Question

Which of the following nonlinear inequalities is graphed below? Picture included below!! PLEASE HELP ASAP!

Answer 1

I think it is A, cause the horizontal axis is 4 (x), and the vertical axis is 8 (y)
and then the <= means that it is inside the ellipse

Answer 2

The correct option is A.

Explanation:

The general form of an ellipse is

`(x^2)/(a^2)+(y^2)/(b^2)=1`

Where, (0,0) is the center of ellipse, (±a,0) are x-intercepts and (0,±b) are y-intercepts.
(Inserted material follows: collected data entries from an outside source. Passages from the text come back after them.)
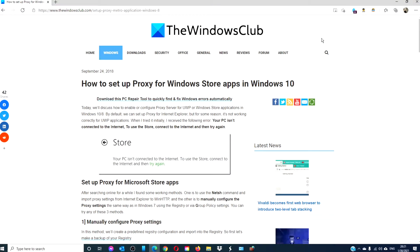Hello, Windows Universe! In this video, we will look at how to set up proxy for Windows Store apps in Windows 10. For a more in-depth look at the subject, be sure to check out the article in the description.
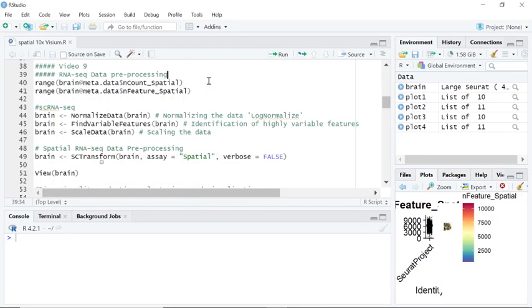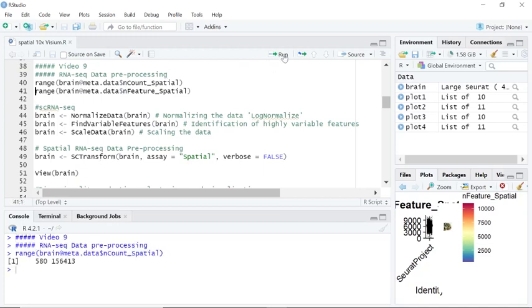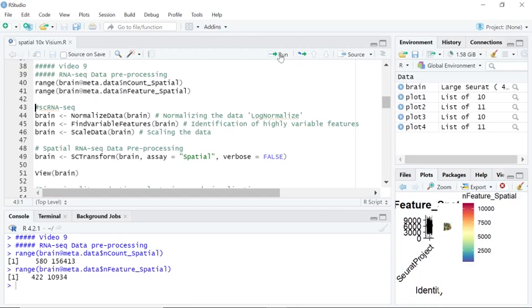Spatial sequencing data also has tissue variations, which makes it more difficult for data normalization. We can use the range function to have a look at the variation of n-features and n-count in this spatial sequencing data set. You can see down here there are big variations in the n-count and n-features.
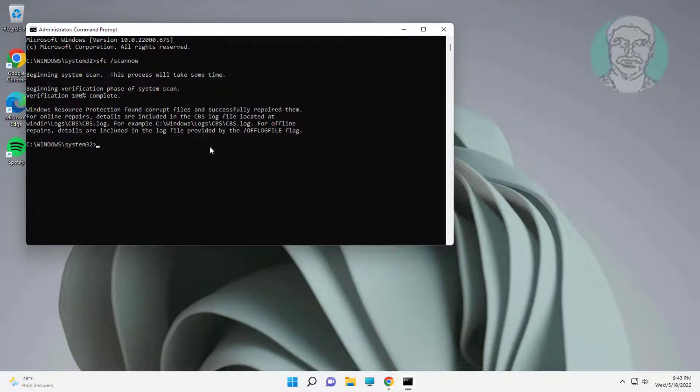Type DISM /online /cleanup-image /restorehealth and press Enter to run the repair command.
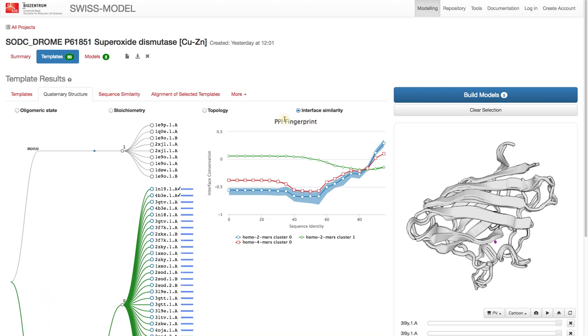Here on the x-axis we see the sequence identity and on the y-axis interface conservation. These plots inform about the conservation of template interfaces.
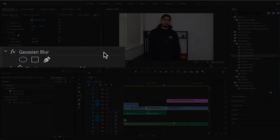Find Gaussian blur and then click either the square or the circle depending on what shape you want the blurred area to be. This will create a new mask.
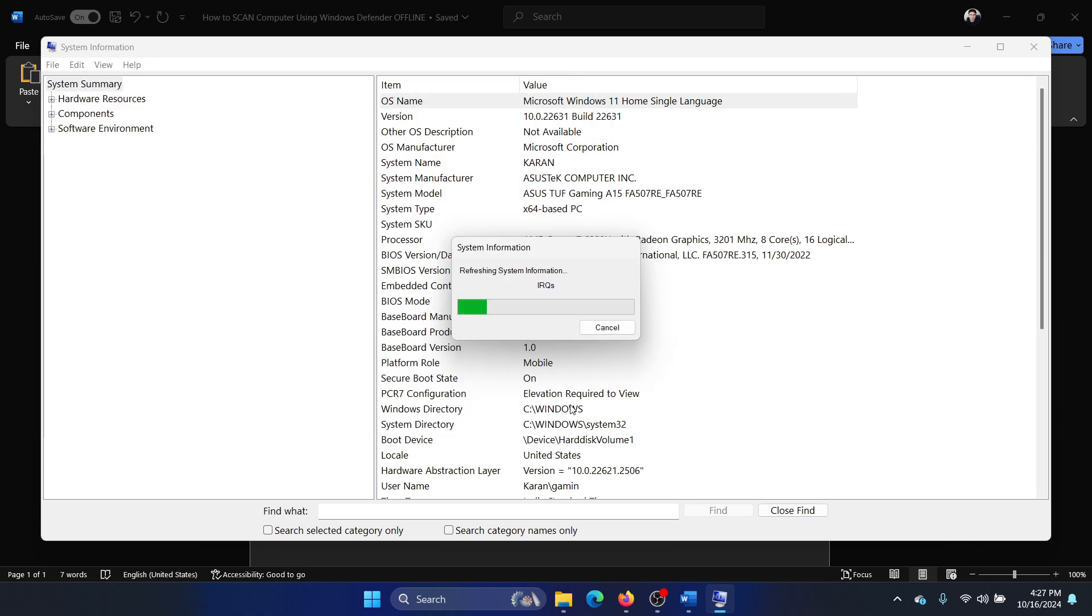Now it will need a while to create this file. Once it saves to the location, you can open it directly. I'll show you, but let it save first.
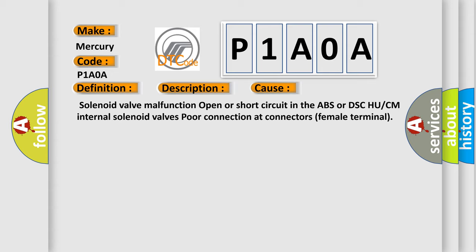Solenoid valve malfunction, open or short circuit in the ABS or DSC HU/CM internal solenoid valves, poor connection at connectors female terminal.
From the given graph it is clear that the center of ellipse is (0,0), (±2,0) are x-intercepts and (0,±4) are y-intercepts. So, the equation of ellipse is

`(x^2)/((2)^2)+(y^2)/((4)^2)=1`

`(x^2)/(4)+(y^2)/(16)=1`

The shaded region is inside the ellipse, (0,0) lie in the solution set and the points lie on the ellipse are included in the solution set, therefore the sign of inequality is ≤.

`((0)^2)/(4)+((0)^2)/(16)\leq 1`

`0\leq 1`

This statement is true. The required inequality is

`(x^2)/(4)+(y^2)/(16)\leq 1`

Therefore, the correct option is A.